Tu, o casta Lucina, proteggi il fanciullo che sta per nascere,
con cui finirà la generazione del ferro e in tutto il mondo
sorgerà quella dell’oro: già regna il tuo Apollo.
Sotto di te console inizierà la gloria di quest’era,
o Pollione, e i grandi mesi cominceranno a trascorrere.
Con te guida, se resteranno vestigia dei nostri delitti,
esse saranno vanificate e le terre sciolte da perpetua paura.
Egli riceverà la vita degli dei, egli vedrà gli eroi
misti agli dei, ed egli stesso apparirà ad essi,
e reggerà l’orbe pacato dalle virtù patrie.
Per te, o fanciullo, la terra senza essere coltivata,
spargerà i primi piccoli doni, le edere erranti
qua e là con la baccara e la colocasia con il ridente acanto.
Le capre riporteranno da sole le mammelle piene
di latte, e gli armenti non temeranno i grandi leoni.
La stessa culla spargerà per te blandi fiori.
Anche il serpente scomparirà, anche la fallace erba di veleno
scomparirà; ovunque nascerà l’assiro amomo.
E quando già leggerai le lodi degli eroi
e le imprese del padre, e potrai conoscere cosa sia la virtù,
a poco a poco la campagna imbiondirà di molle spiga,
dagli incolti pruni penderà l’uva rosseggiante,
e le dure querce stilleranno miele rugiadoso.
Tuttavia resteranno poche vestigia dell’antica frode,
che faranno affrontare Teti, che faranno cingere di mura
le città, che faranno incidere di solchi la terra
…»

 È plausibile che gli Ebrei del tempo di Gesù, settant’anni dopo, non leggessero Virgilio, se non altro per odio ai Romani, oltre che per ignoranza delle opere del poeta mantovano. È altresì plausibile che Virgilio non conoscesse la Bibbia.

***

Nella Bibbia vi sono ricorrenti profezie sulla venuta di un Messia, anche se nelle attese degli Ebrei questa figura di Salvatore aveva una connotazione politica: un liberatore, quindi una figura più politica che religiosa. Il popolo ebraico non si integrò mai con altre culture e aveva coscienza di essere un unicum, in quanto popolo eletto di Dio.

* * *

A mio avviso, queste constatazioni, ma ve ne sono ben altre, riconducono alla figura del Cristo, della cui esistenza sono prove indirette, ma significative.

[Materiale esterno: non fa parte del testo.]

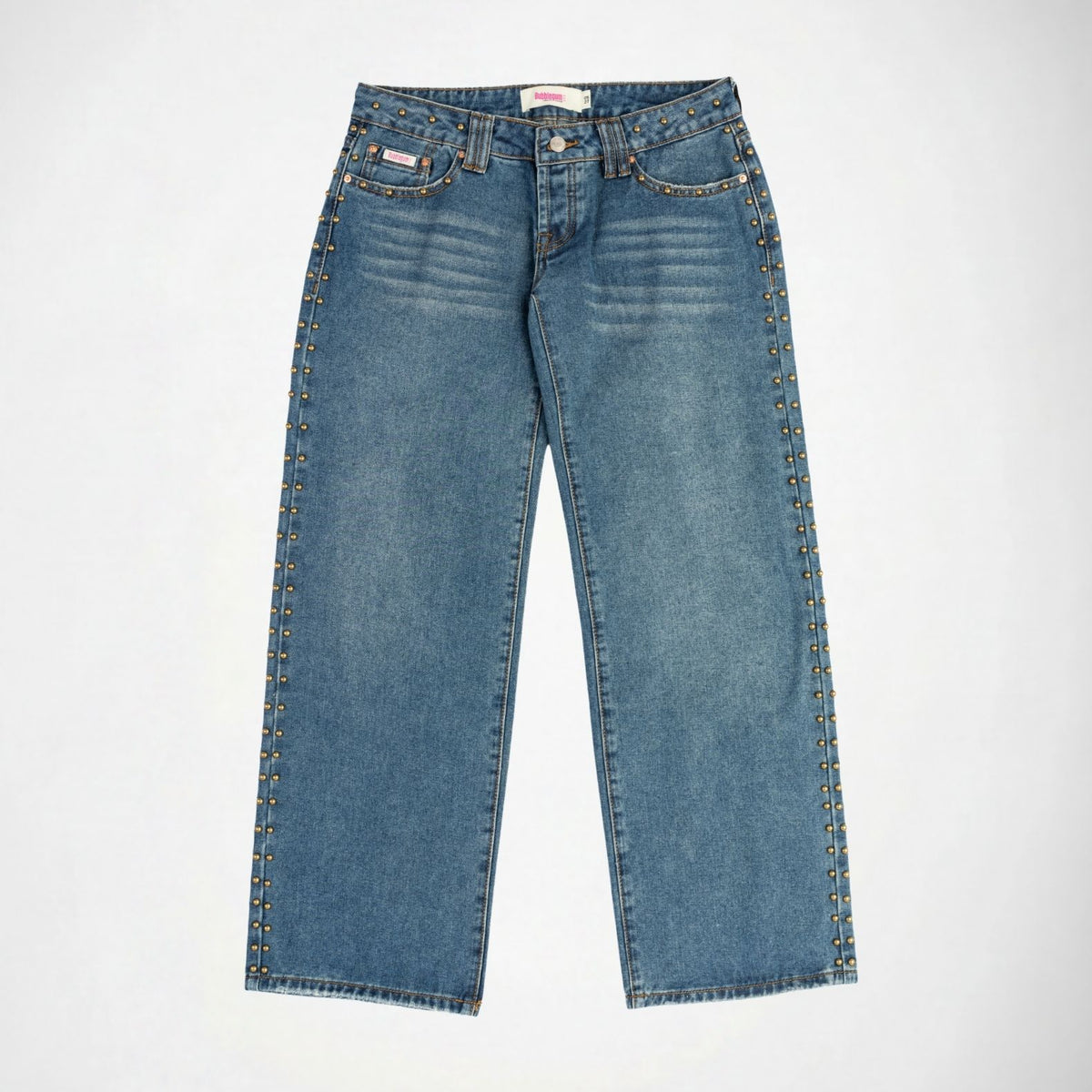 A pair of medium-wash blue denim Bubblegum jeans with decorative gold-tone metal studs running down the outer seams of both legs, shown flat against a light gray background.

Rivolgendomi ai non credenti, mi pare giusto rilevare che la venuta di Cristo è iscritta nella storia dell’uomo, che da sempre attendeva un riscatto. Non crederlo mi sembra una negazione della storia e qui il discorso si allarga per risalire alla creazione. Sono note le sterili contrapposizioni, sfociate in politica, tra creazionisti ed evoluzionisti. Gli antro paleontologi, attraverso ricerche e ritrovamenti, hanno studiato e illustrato le evoluzioni dalle prime pitecine all’homo sapiens. Sposiamo pure questa tesi, ma ci accorgeremo che non cambia nulla, semmai si sposta l’inizio dall’Adam (uomo fatto di terra) del biblico Genesi al primo uomo in grado di elaborare pensieri teologici. Ciò che conta è l’ansia della salvezza insita nell’anima umana e se constatiamo che l’attesa non era una esclusiva dell’orgoglioso popolo ebraico ma presente in altre culture, tanto meglio. Al limite, anche il non credente si rende conto che, in mancanza di un dio di cui nega l’esistenza, ci sarà pur sempre l’attesa di un salvatore che liberi l’uomo da se stesso. Negare il legame, fosse anche solo antropologico, tra l’uomo e la pietas innata, non significa tanto negare la divinità, ma l’umanità, il che spiega lo stato di insofferenza, di insoddisfazione e di vuoto del vero non credente.